Nie mogłem dłużej czekać - mówi Mioduszewski. - 30 czerwca skończył mi się kontrakt z Polonią, trenowałem mimo to po tym terminie indywidualnie w
Warszawie i czekałem na jakąś ofertę z klubu. Nie jestem piłkarzem, który zmienia kluby jak rękawiczki i zależało mi na pozostaniu w stolicy. Jednak żadnej propozycji nie otrzymałem.
Mioduszewski, jak się okazało, w ogóle nie pojechał na zgrupowanie drużyny do Ciechanowa. Pojechał do Łęcznej, gdzie negocjował kontrakt z beniaminkiem ekstraklasy. - Wyjazd na zgrupowanie jest formą deklaracji: że chce się zostać w zespole. Ja już wtedy wiedziałem, że nie chcę być w Polonii.
29-letni bramkarz pozostanie w pośrednim kontakcie z klubem. Chce odzyskać pieniądze (premie za utrzymanie w lidze, sumy kontraktowe), których do tej pory klub mu nie wypłacił. - Skoro pieniądze są zarobione, to muszę podjąć kroki, aby je otrzymać. Mam na utrzymaniu rodzinę, a nawet samemu ciężko wyżyć z obietnic. Sprawę ma dopilnować mój menedżer.

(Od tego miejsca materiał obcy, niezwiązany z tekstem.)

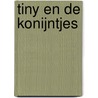 Tiny en de konijntjes by Gijs Haag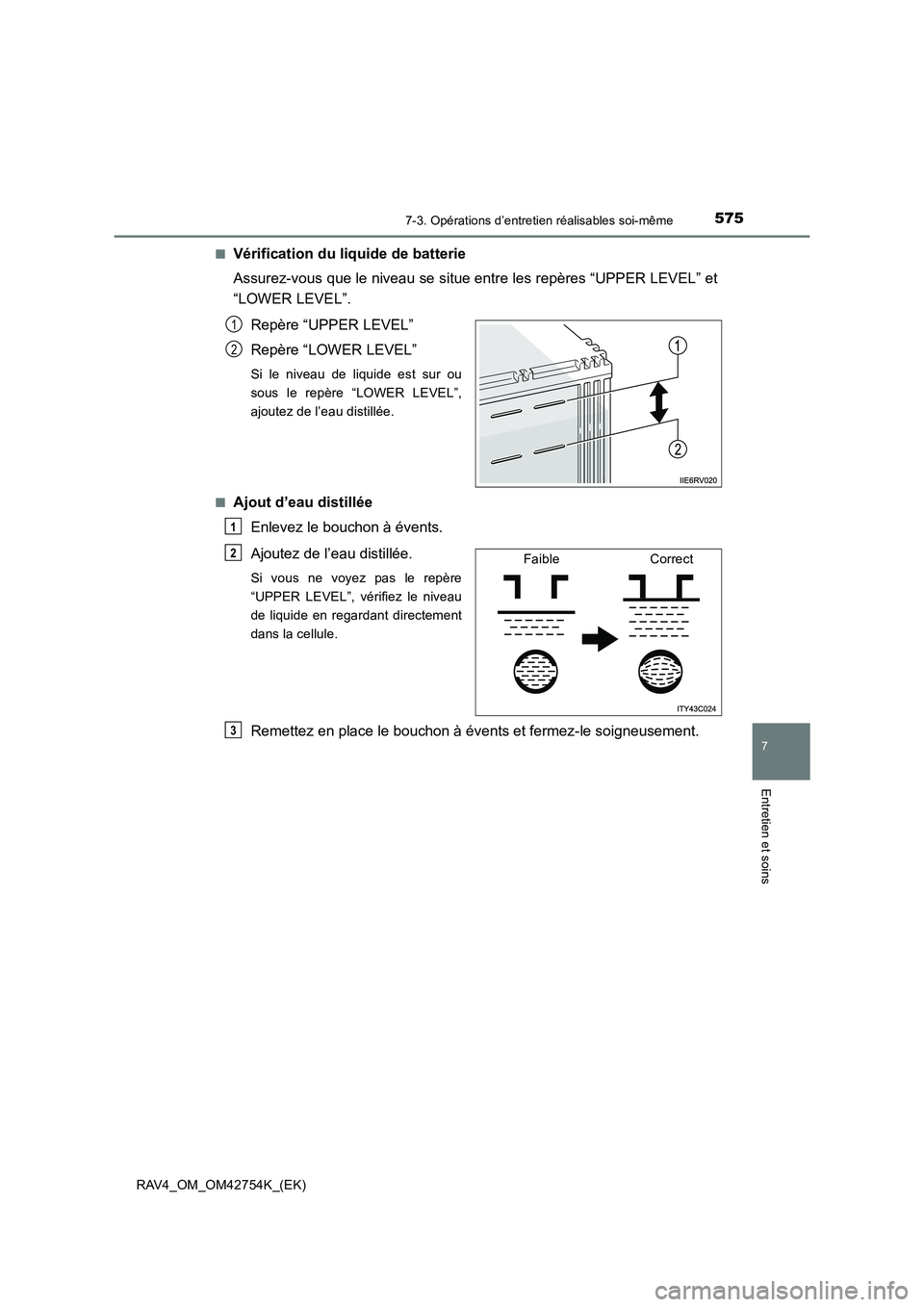 TOYOTA RAV4 2017  Manuel du propriétaire (in French) 5757-3. Opérations d’entretien réalisables soi-même
RAV4_OM_OM42754K_(EK)
7
Entretien et soins
■Vérification du liquide de batterie
Assurez-vous que le niveau se situe entre les repères “UP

Mioduszewski występował w Polonii przez pół roku. Zagrał w 13 z 15 meczów stołecznego klubu w rundzie wiosennej. Nie stanął między słupkami bramki "Czarnych Koszul" dopiero wtedy kiedy zespół miał już zapewnione utrzymanie w ekstraklasie. W dużej mierze to jego postawa zadecydowała o pozostaniu klubu w I lidze.
To już drugi bramkarz, którego Polonia straciła w tak krótkim czasie. Dwa tygodnie temu klub zawiesił w prawach zawodnika Roberta Gubca, który wyjechał samowolnie na testy do austriackiego SV Salzburg. Gubiec grał jednak mało i nie był dla "Czarnych Koszul" istotnym graczem.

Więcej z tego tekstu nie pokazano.